DAYS after the BJP tried to boost its electoral prospects in the poll-bound state of Uttar Pradesh by inducting former Union minister Jitin Prasada, the party suffered a jolt in West Bengal, where its national vice-president Mukul Roy chose to return to the Trinamool Congress (TMC). The BJP had done well in the 2019 Lok Sabha elections in West Bengal, encouraging leaders from the TMC to switch over in its bid to checkmate Chief Minister Mamata Banerjee, but failed to repeat its performance in the 2021 Assembly elections. The party’s below-par show — it finished a distant second — also dented the prospects of the turncoats. Marginalisation within the state BJP unit, with Suvendu Adhikari, who defeated Mamata Banerjee from Nandigram, calling the shots as the Leader of the Opposition in the Assembly, probably influenced Roy’s decision.

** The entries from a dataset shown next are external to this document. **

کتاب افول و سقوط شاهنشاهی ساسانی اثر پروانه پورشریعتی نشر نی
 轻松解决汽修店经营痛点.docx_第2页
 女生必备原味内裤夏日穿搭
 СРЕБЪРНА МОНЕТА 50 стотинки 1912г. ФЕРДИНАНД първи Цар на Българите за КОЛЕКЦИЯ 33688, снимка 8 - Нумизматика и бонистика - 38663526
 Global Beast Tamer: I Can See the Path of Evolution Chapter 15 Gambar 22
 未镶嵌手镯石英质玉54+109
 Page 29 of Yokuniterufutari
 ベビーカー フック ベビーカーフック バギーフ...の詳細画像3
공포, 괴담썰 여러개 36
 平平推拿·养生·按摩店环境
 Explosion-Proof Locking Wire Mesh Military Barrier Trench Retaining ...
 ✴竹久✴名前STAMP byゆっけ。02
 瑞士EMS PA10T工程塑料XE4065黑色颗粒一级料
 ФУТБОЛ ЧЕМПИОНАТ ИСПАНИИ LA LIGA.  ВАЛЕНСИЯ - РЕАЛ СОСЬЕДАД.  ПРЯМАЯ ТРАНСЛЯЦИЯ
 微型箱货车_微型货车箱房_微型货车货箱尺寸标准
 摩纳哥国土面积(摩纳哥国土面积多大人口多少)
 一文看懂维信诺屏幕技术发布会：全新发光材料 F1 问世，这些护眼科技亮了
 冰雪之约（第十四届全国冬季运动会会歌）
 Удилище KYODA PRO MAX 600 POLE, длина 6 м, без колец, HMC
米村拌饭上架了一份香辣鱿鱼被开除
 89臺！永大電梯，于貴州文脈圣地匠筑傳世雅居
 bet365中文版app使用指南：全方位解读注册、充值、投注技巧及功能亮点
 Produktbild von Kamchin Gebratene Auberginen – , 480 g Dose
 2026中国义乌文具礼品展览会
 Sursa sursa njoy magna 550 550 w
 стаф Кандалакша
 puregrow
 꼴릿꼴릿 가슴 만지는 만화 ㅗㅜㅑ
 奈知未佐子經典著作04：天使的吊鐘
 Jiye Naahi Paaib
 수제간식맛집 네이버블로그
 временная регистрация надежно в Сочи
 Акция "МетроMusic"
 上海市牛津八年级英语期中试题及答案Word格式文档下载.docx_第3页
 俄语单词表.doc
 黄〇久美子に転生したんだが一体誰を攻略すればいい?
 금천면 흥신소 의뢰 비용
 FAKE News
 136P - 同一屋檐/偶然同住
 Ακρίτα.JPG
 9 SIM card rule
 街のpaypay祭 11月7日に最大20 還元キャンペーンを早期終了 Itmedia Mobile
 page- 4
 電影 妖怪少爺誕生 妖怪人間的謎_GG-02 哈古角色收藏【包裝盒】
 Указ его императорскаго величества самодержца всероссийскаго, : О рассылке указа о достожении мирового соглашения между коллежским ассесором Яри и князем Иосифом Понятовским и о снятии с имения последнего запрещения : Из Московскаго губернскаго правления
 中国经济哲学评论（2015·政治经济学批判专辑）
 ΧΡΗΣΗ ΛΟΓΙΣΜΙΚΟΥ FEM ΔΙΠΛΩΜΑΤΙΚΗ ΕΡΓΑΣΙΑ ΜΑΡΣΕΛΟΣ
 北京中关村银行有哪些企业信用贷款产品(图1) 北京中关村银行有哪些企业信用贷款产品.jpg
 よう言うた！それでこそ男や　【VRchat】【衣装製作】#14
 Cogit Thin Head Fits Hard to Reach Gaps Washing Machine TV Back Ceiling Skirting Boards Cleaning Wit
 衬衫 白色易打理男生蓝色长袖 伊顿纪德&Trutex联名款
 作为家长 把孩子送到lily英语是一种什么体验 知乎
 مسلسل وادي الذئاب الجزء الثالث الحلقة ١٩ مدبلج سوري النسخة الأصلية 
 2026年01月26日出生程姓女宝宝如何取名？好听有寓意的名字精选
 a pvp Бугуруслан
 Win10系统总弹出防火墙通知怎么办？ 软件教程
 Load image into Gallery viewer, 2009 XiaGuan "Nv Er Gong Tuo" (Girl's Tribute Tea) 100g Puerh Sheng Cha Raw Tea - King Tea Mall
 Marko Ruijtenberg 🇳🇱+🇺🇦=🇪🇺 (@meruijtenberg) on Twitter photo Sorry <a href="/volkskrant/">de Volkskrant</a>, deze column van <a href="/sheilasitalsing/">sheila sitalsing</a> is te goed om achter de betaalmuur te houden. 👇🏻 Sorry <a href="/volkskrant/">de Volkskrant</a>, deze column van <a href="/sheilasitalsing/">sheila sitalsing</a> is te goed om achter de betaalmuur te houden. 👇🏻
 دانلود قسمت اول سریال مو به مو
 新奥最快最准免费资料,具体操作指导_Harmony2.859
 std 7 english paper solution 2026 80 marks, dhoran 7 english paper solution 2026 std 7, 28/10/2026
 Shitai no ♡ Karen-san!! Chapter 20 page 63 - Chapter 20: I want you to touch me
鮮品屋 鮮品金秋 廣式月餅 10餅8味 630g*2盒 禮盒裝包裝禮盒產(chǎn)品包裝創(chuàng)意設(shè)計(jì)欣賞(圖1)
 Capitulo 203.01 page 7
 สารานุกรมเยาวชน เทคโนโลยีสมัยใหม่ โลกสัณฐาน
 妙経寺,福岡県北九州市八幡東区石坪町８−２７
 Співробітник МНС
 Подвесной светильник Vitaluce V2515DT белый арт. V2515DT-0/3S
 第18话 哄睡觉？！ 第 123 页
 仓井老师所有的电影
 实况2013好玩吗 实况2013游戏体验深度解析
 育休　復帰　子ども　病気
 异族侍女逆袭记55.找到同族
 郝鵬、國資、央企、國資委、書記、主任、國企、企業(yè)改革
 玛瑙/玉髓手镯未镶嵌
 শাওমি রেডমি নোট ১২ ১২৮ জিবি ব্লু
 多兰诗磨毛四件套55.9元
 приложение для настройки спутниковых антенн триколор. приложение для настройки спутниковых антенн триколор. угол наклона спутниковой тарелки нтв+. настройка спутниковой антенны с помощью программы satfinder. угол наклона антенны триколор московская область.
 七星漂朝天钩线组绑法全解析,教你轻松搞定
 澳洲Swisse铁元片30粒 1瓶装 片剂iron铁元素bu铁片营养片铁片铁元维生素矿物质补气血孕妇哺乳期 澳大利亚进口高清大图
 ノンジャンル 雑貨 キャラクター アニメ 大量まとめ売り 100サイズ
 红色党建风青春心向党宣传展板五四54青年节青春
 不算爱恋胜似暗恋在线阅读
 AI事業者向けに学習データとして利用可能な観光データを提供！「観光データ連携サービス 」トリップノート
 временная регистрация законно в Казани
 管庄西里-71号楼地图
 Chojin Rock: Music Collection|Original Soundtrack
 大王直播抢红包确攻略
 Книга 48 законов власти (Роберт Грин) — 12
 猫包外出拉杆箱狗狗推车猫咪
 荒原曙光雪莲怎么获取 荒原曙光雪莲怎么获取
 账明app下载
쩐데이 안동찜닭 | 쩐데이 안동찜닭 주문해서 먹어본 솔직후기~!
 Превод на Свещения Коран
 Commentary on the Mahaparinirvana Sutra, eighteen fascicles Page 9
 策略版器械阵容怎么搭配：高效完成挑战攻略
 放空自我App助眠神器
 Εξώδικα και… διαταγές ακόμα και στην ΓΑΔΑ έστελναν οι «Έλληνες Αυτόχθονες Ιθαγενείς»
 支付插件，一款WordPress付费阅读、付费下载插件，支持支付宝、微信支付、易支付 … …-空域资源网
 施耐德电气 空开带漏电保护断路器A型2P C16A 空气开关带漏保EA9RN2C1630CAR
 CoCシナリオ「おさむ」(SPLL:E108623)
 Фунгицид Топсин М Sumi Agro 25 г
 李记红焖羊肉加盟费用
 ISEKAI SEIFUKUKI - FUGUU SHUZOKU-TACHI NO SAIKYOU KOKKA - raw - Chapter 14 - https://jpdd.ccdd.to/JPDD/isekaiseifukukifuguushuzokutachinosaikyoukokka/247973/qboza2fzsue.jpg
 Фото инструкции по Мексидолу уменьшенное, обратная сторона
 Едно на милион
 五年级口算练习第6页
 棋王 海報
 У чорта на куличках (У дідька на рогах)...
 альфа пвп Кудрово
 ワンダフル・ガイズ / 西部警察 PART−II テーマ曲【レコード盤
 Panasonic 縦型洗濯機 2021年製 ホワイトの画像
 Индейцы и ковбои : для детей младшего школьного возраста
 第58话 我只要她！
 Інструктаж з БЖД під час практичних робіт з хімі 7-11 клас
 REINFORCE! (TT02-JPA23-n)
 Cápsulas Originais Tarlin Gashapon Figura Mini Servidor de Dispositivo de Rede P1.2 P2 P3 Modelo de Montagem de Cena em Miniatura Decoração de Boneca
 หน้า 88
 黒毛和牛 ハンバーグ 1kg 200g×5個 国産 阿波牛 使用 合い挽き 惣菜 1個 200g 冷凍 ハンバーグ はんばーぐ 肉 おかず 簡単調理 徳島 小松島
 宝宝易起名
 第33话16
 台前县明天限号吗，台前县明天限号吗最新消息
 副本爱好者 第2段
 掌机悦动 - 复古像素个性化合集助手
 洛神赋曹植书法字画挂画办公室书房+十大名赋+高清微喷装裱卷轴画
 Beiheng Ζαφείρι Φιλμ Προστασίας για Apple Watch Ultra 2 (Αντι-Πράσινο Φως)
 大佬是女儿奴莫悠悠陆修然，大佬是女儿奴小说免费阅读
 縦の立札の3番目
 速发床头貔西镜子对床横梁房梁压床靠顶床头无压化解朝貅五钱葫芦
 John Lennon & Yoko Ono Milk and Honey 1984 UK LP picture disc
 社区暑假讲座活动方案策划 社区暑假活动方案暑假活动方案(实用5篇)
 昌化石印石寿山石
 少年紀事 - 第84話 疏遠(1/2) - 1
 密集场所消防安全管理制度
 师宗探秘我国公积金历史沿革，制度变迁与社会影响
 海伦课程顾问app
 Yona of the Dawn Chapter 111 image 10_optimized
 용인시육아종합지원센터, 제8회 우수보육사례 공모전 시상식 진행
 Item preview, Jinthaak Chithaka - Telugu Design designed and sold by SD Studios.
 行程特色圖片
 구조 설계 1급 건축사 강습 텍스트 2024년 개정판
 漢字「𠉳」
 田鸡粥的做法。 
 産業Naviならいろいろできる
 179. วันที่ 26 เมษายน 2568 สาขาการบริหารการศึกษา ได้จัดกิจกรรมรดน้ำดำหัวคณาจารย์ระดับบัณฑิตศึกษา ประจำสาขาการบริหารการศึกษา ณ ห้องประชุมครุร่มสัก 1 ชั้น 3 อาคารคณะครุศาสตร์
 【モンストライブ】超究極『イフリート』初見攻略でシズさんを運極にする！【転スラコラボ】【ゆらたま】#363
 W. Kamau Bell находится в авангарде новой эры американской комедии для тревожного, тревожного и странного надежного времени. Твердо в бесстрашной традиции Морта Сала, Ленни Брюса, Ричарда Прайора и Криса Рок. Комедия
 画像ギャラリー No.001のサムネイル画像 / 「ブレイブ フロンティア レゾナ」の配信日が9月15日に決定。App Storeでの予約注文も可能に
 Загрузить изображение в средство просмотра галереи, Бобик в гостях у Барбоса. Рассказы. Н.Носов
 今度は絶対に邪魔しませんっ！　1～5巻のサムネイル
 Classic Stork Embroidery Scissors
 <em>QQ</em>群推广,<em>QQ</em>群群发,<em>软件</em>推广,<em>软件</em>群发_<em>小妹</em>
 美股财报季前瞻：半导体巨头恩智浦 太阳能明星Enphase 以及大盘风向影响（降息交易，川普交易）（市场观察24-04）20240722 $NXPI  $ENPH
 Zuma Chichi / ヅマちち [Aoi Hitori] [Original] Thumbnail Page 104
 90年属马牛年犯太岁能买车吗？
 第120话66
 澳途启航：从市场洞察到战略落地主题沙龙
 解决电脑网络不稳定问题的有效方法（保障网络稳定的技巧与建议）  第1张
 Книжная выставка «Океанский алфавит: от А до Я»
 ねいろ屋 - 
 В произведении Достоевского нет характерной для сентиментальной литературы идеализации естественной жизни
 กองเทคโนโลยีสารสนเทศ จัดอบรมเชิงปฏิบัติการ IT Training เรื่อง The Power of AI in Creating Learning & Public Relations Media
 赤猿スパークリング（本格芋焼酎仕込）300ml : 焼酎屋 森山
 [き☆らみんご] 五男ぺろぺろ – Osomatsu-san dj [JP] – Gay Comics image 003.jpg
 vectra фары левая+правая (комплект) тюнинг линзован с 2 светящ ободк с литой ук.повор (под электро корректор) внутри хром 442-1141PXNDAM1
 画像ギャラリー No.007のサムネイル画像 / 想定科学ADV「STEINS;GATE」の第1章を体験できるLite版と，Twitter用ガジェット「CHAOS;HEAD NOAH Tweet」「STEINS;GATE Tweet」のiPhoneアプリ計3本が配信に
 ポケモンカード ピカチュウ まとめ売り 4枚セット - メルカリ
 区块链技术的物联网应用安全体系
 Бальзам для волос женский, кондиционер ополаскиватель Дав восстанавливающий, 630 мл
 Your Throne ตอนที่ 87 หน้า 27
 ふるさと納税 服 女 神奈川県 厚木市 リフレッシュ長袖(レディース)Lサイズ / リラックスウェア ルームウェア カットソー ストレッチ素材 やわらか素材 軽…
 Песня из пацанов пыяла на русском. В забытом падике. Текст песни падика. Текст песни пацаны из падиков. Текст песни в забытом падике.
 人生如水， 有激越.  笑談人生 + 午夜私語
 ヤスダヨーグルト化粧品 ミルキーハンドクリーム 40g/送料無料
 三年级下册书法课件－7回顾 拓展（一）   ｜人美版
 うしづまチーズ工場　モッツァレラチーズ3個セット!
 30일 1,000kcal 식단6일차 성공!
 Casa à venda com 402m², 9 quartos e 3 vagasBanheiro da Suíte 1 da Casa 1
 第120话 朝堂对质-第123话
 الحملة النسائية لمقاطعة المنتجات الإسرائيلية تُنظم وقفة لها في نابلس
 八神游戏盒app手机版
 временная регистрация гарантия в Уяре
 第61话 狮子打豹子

Roy’s return is also an indication that the TMC is trying to quell dissatisfaction within its own rank and file over the growing clout of the West Bengal CM’s nephew, Abhishek Banerjee, by reaching out to Mamata’s detractors. Abhishek was not only present at Roy’s re-induction, but is also believed to have played a key role in facilitating his return. Roy’s case may well serve as an example for leaders of other parties. Jyotiraditya Scindia defected to the BJP in Madhya Pradesh and Sachin Pilot revolted in the Rajasthan unit of the Congress. With several states headed for elections next year, more switching of loyalties may well take place, not necessarily followed by the expected reward.
While the TMC appears to be trying to placate the detractors, the BJP needs to prevent its leaders from feeling sidelined. A stronger Mamata has added to disillusionment in the state BJP, but to dominate the Opposition space, the party will have to be more accommodating.